Content Warning: accidental groping, blackmail with false sexual assault claims, incest
What’s it about? 16-year-old Umino Nagi and Amano Erika were switched at birth. When they finally meet, their parents inform them that in order to let both sets of parents be in both kids’ lives, they’ve decided the best solution is for Nagi and Erika to get married. But Nagi already has a crush on his academic rival, who couldn’t be more different from Erika.
Here is a tip: if you want to endear me to your trash gremlin heroine—something which should not be hard, given my record—then probably the last thing you should use is a one-two punch of “filming a fake suicide attempt” and “threatening the hero with fake sexual harassment claims.” Because I’ll tell you, I’m just not gonna come back from that even before you start dangling incest in front of my face.
Cuckoos comes to us from the series composer behind AniFem faves Kaguya-sama and Toilet-Bound Hanako-kun, which I suppose goes to show that even a talented writer can only do so much when they’re adapting an existing property. And in fairness, moments of this premiere do function as a rom-com. When Erika and Nagi end up on a date as she schemes to undo her arranged marriage with a yet-unknown fiancé, the characters settle down into something like recognizable human behavior and I could see the vague outline of a decent character drama.
There’s even comedic mileage in the whole “arranged marriage” thing if it were played as an absurd play on the mountain of series that attempt to mine shock value from allegedly controversial stepsibling romances where the characters haven’t met until they’re teenagers anyway though nothing will ever go as hard or as weird on that front as Marmalade Boy).
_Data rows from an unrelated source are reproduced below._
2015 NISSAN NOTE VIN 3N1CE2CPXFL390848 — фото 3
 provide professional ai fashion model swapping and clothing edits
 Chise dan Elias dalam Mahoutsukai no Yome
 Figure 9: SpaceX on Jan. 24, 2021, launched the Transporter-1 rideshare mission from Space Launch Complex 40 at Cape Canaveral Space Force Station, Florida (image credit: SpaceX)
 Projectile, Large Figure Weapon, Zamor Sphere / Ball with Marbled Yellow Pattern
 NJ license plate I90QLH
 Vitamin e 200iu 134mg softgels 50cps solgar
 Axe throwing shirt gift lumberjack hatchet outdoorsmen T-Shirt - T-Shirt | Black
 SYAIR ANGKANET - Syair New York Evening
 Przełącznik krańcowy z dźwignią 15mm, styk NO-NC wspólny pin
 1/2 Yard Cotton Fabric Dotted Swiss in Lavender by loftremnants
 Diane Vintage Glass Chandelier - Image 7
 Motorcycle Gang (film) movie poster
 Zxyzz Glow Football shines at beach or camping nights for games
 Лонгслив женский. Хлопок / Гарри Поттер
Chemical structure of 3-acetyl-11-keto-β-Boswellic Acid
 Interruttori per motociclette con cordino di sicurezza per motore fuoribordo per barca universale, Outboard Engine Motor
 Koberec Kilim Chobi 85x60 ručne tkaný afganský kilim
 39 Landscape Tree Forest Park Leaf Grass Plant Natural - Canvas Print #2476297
But those handful of effective moments get drowned out by the enforced wackiness of hiLARious accidental boob honkage and shouty comedy that lands with an ear-popping thud because the show as a whole isn’t high-octane enough to support it. The jankier moments feel all the more incongruent because there’s such a heavy gloss on the visuals, like someone cracked a fart in the middle of a costume drama. It doesn’t help that the camera indulges in that kind of “I’m not touching you” not-quite fanservice that involves lots of lovingly rendered pans but technically no panty shots that I can ignore in a well-written production but becomes an inescapable eye-sore when the story isn’t up to snuff.
It would, I think, be salvageable if this were a straightforward romance title that intended to really commit to letting us get to know our two leads’ hidden depths. But Cuckoos got bored of that before it had even finished setting up its own premise, and so committed instead to being a wacky love quadrangle spinning around the male lead instead. I cannot bring myself to feel even a shred of curiosity about Nagi’s academic rival Hiro, who apparently wants to be Red Sonja’d on the field of intellectual battle. But the real kicker is the episode’s closing minutes on Nagi’s sister—his real one, the one he was raised with—reading a “not technically related!” romance manga and thinking about her brother. Strike me down where I stand if I’m gonna spend twenty-four episodes putting up with that shit. I’ll get my fill of “bossy rich redhead and awkward tall guy” from Toradora, thanks.